> Instructions for the task
Give the data again exactly as written, skipping any pictures.

----- Material for the task

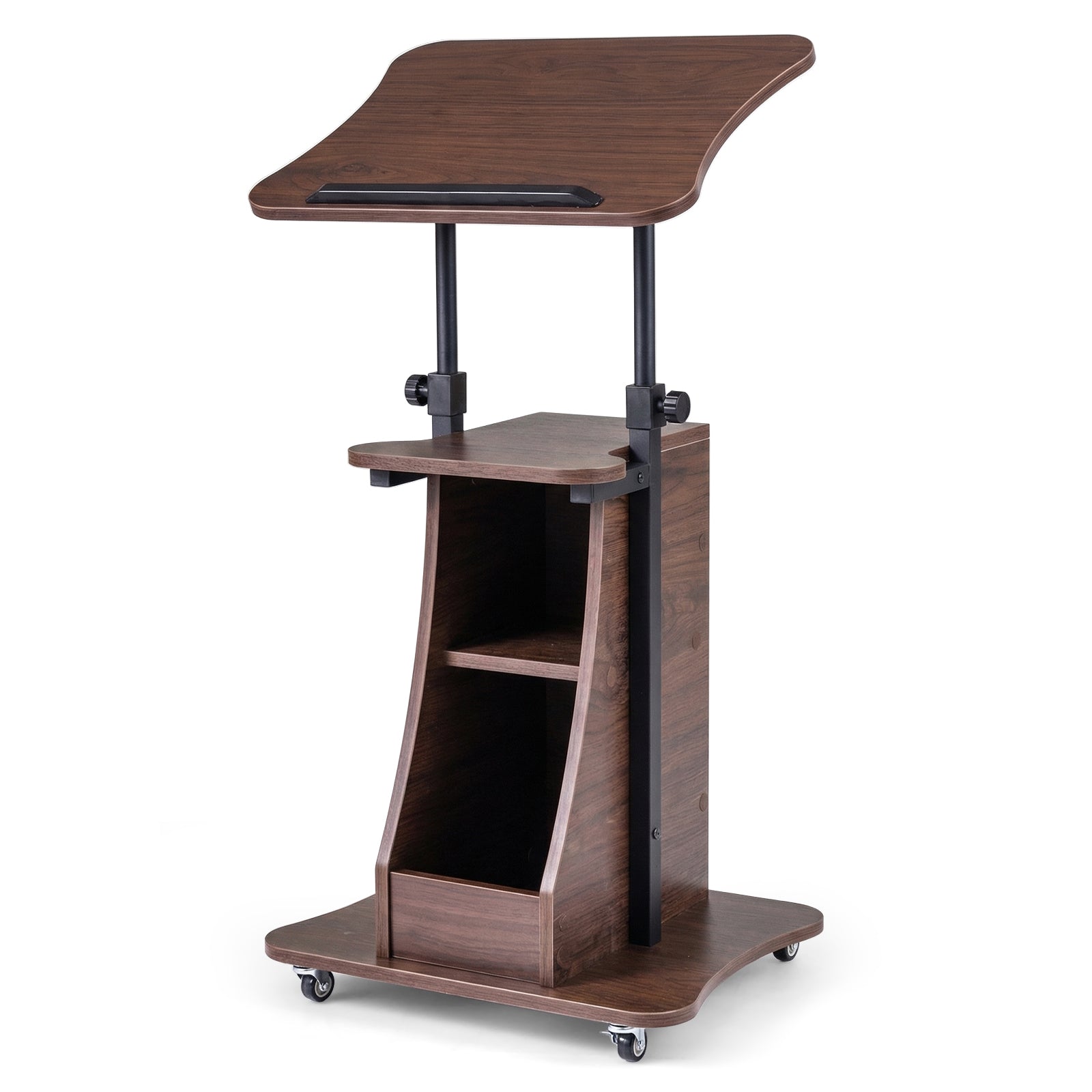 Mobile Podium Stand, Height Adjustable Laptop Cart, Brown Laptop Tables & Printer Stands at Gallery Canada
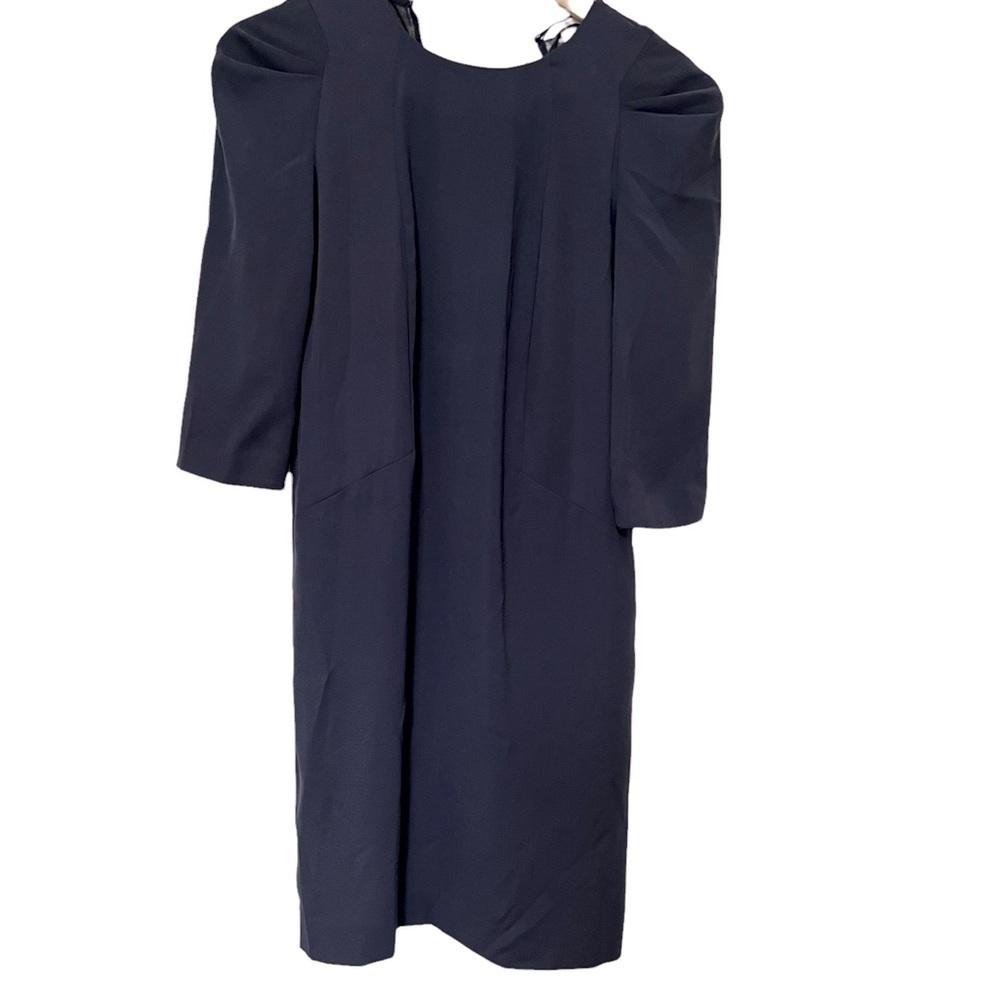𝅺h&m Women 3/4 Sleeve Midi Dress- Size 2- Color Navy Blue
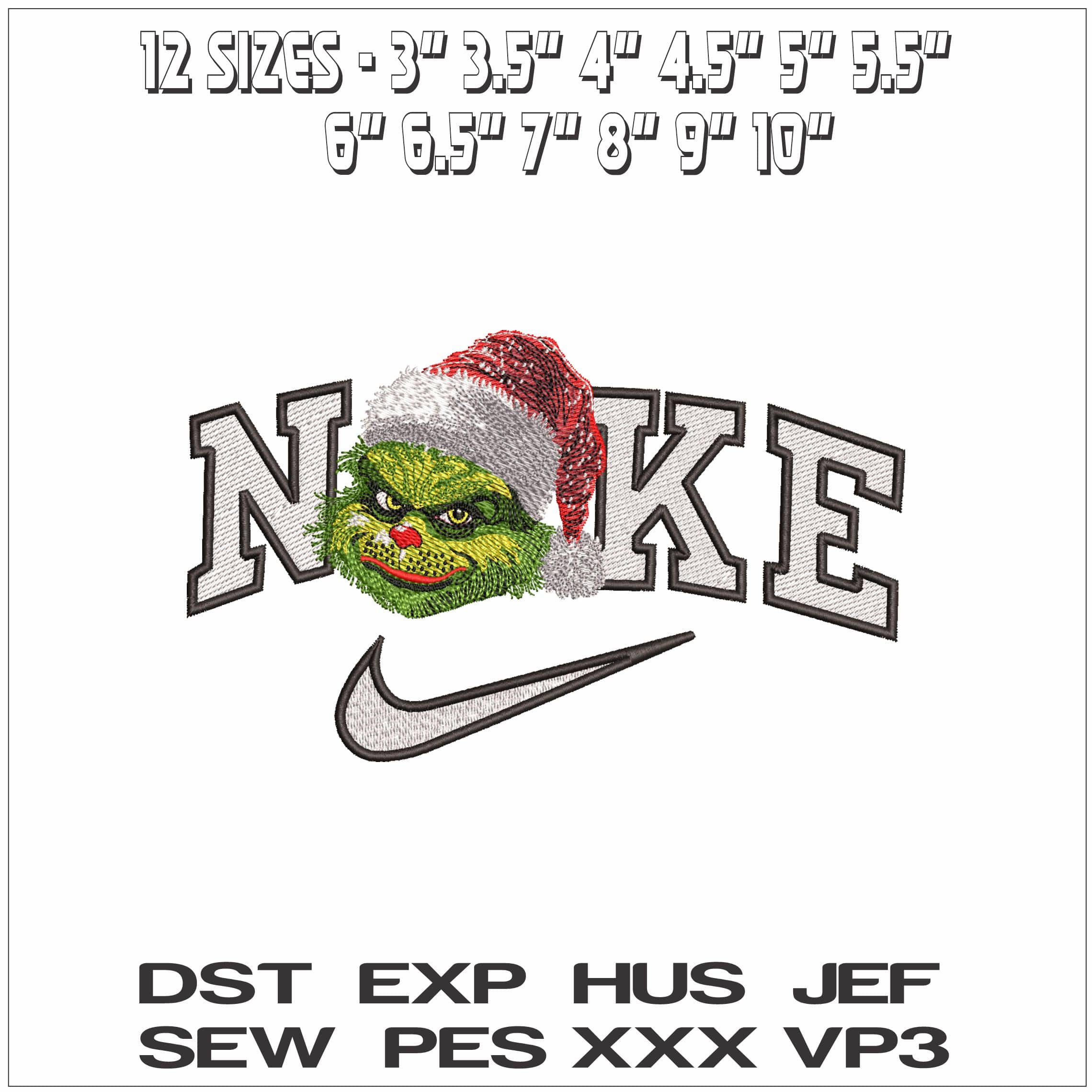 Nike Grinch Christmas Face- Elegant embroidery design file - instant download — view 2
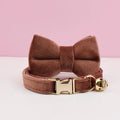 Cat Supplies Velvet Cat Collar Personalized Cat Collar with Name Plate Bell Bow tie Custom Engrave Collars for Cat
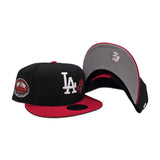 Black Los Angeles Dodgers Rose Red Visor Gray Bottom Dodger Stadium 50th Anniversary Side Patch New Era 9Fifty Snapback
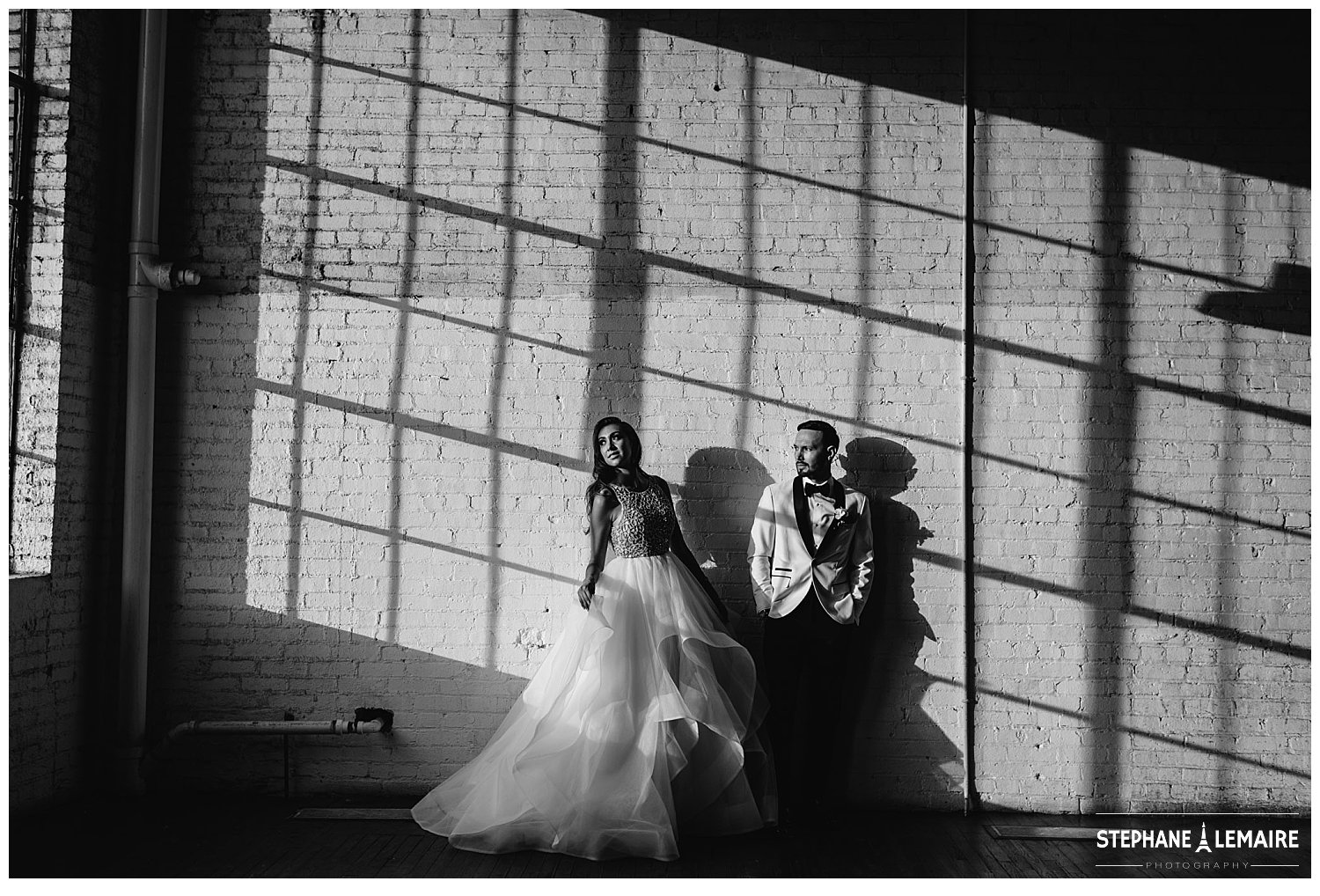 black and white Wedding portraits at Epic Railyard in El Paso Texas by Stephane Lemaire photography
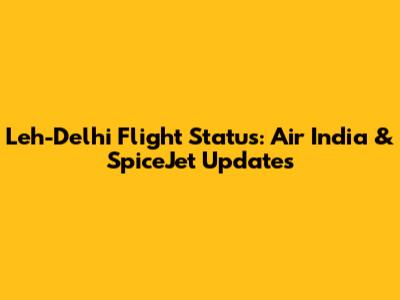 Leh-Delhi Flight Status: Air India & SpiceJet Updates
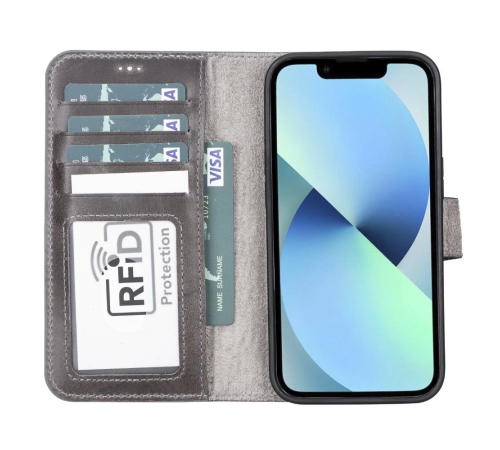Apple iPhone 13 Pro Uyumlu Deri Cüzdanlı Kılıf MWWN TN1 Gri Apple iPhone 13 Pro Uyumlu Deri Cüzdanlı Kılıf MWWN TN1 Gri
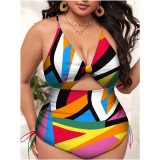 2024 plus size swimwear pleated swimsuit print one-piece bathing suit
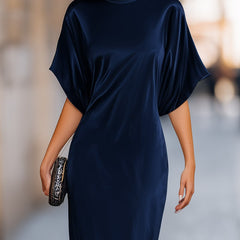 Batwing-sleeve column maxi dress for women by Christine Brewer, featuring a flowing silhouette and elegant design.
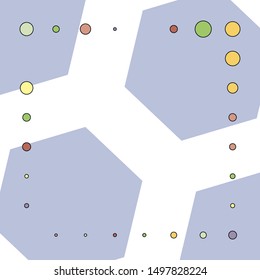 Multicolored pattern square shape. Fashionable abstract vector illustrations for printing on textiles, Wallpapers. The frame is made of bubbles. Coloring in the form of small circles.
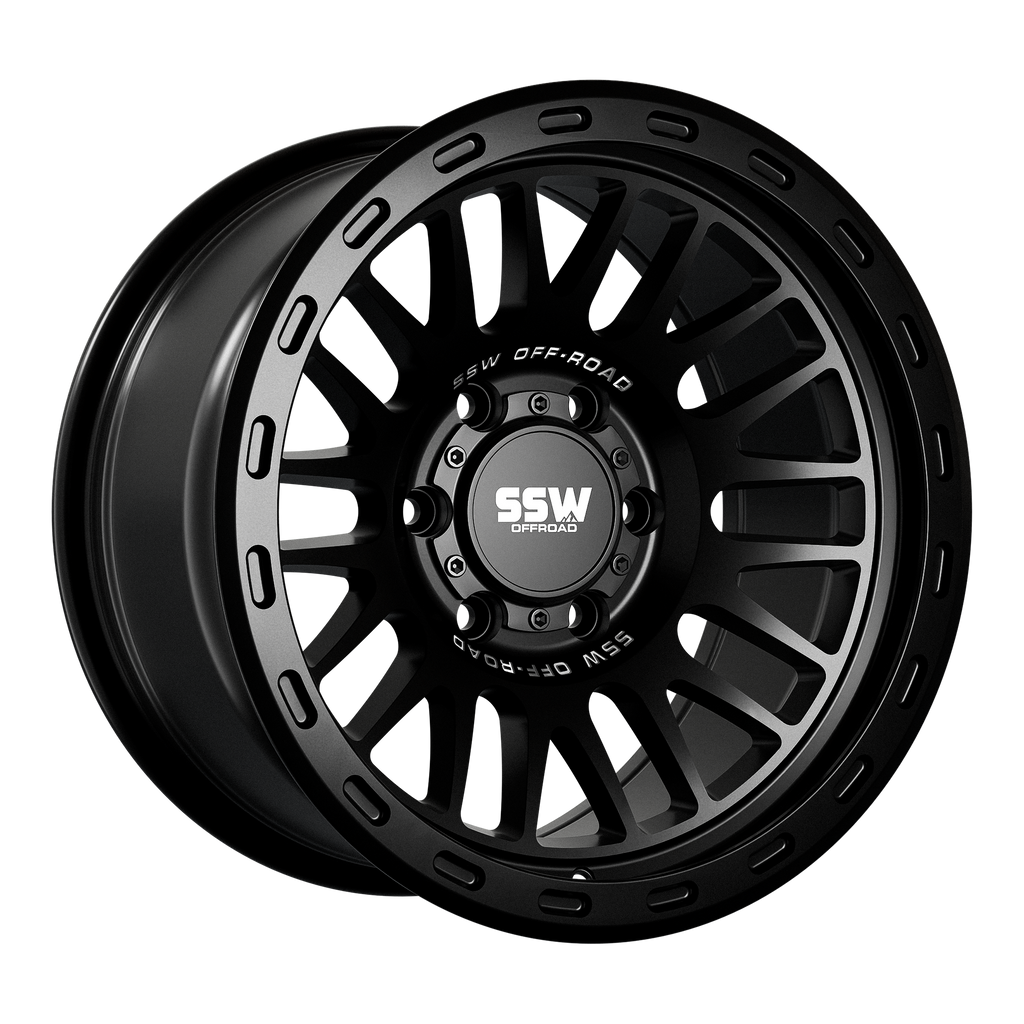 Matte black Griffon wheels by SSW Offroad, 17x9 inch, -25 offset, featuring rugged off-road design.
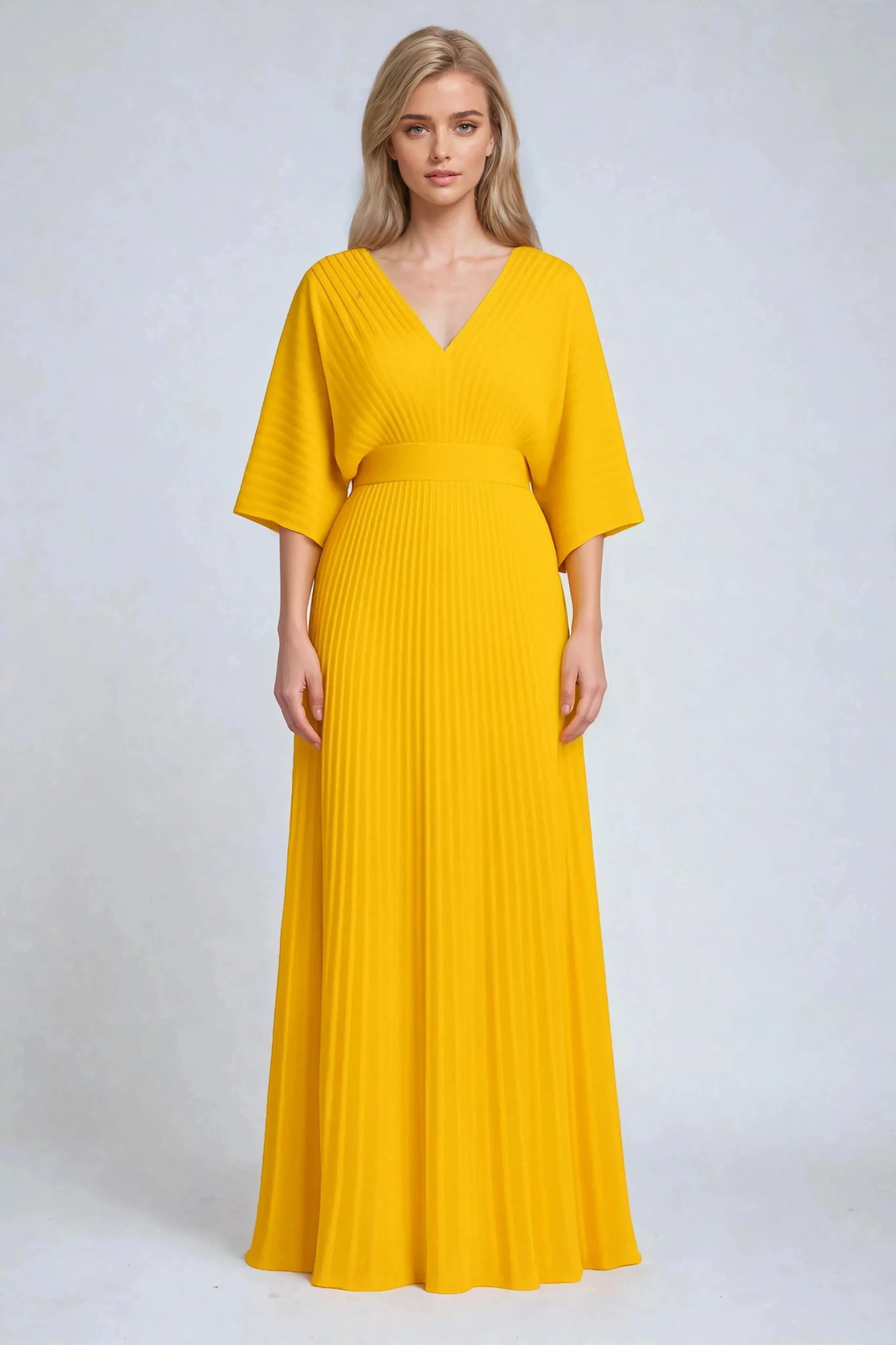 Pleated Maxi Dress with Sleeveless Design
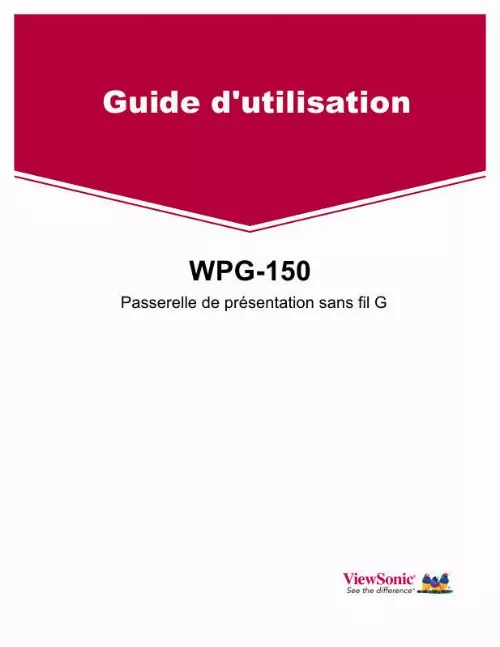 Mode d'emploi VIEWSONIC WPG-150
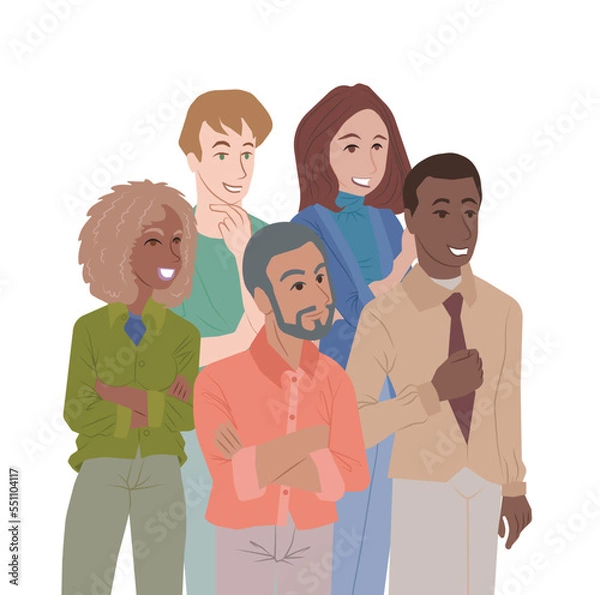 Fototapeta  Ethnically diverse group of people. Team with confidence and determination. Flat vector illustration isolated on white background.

----------

> Output
 Mobile Podium Stand, Height Adjustable Laptop Cart, Brown Laptop Tables & Printer Stands at Gallery Canada
𝅺h&m Women 3/4 Sleeve Midi Dress- Size 2- Color Navy Blue
 Nike Grinch Christmas Face- Elegant embroidery design file - instant download — view 2
 Cat Supplies Velvet Cat Collar Personalized Cat Collar with Name Plate Bell Bow tie Custom Engrave Collars for Cat
 Black Los Angeles Dodgers Rose Red Visor Gray Bottom Dodger Stadium 50th Anniversary Side Patch New Era 9Fifty Snapback
 black and white Wedding portraits at Epic Railyard in El Paso Texas by Stephane Lemaire photography
 Leh-Delhi Flight Status: Air India & SpiceJet Updates
Apple iPhone 13 Pro Uyumlu Deri Cüzdanlı Kılıf MWWN TN1 Gri Apple iPhone 13 Pro Uyumlu Deri Cüzdanlı Kılıf MWWN TN1 Gri
 2024 plus size swimwear pleated swimsuit print one-piece bathing suit
 Batwing-sleeve column maxi dress for women by Christine Brewer, featuring a flowing silhouette and elegant design.
 Multicolored pattern square shape. Fashionable abstract vector illustrations for printing on textiles, Wallpapers. The frame is made of bubbles. Coloring in the form of small circles.
 Matte black Griffon wheels by SSW Offroad, 17x9 inch, -25 offset, featuring rugged off-road design.
 Pleated Maxi Dress with Sleeveless Design
 Mode d'emploi VIEWSONIC WPG-150
 Fototapeta  Ethnically diverse group of people. Team with confidence and determination. Flat vector illustration isolated on white background.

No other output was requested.